Release Date: 21/07/11
The Vikings are laying siege to Paris. As the houses on the banks of the Seine burn a debate rages in the Cathedral on the walled island of the city proper. The situation is hopeless. The Vikings want the Count's sister, in return they will spare the rest of the city. Can the Count really have ambitions to be Emperor of the Franks if he doesn't do everything he can to save his people? Can he call himself a man if he doesn't do everything he can to save his sister? His conscience demands one thing, the demands of state another. The Count and the church are relying on the living saint, the blind and crippled Jehan of St Germain, to enlist the aid of God and resolve the situation for them. But the Vikings have their own gods. And outside their camp a terrifying brother and sister, priests of Odin, have their own agenda. An agenda of darkness and madness. And in the shadows a wolfman lurks.
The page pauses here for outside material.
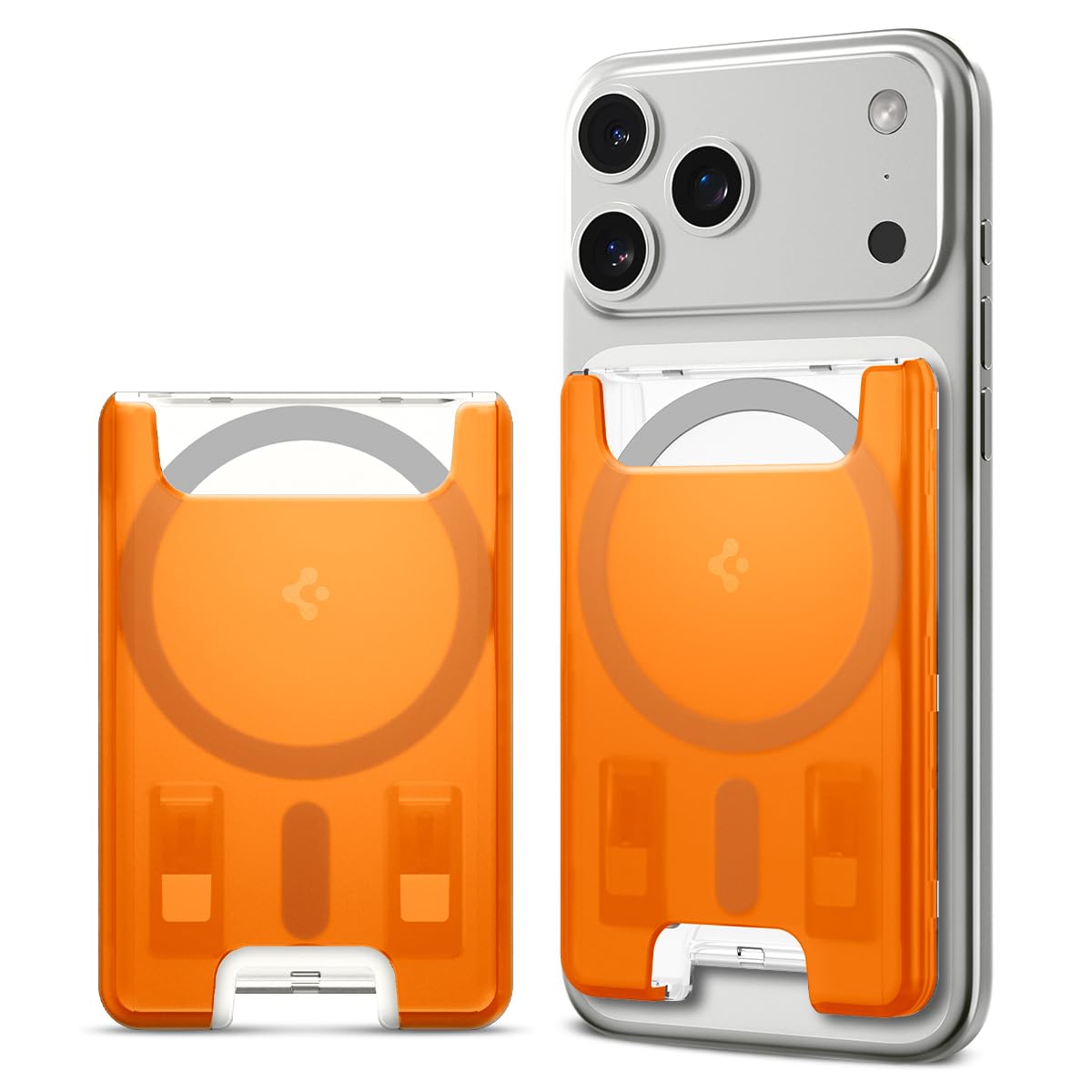 Spigen Classic C1 MagFit Magnetic MagSafe Wallet Card Holder 3-Cards Compatible with iPhone 17/16/15/14/13/12 Series and PixelSnap Cases for Pixel 10 Series - Tangerine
M.D. Lachlan's stunning epic of mad Gods, Vikings and the myth of Fenrir, the wolf destined to kill Odin at Ragnarok, powers forward into new territories of bloody horror, unlikely heroism, dangerous religion and breathtaking action.
Fenrir is an epic second novel in the Wolfsangel series and whilst most authors pick up from where the original left off, MD keeps on going and picks the series up a hundred years later. Which isn’t a bad thing as it allows a larger look at the events that happened before and how they affected this current future in this Fantasy cross Historical Fiction title. Add to this a wonderful sense and pace of a thriller and the reader really has a special treat in store.
All in the prose is excellent, the pace fast and above all else it’s a story of love, of fate and of adventure. It’s well written, the characters are outstanding and when blended with a pretty unique authorly voice and some magical sleight of hand, this title is, for my money, even more thrilling than the original. It really will be interesting to see what MD turns up with for the next part in this series and I suspect that some of the hidden unfinished threads will leave a nasty surprise or two for the future “heroes” to discover at their peril.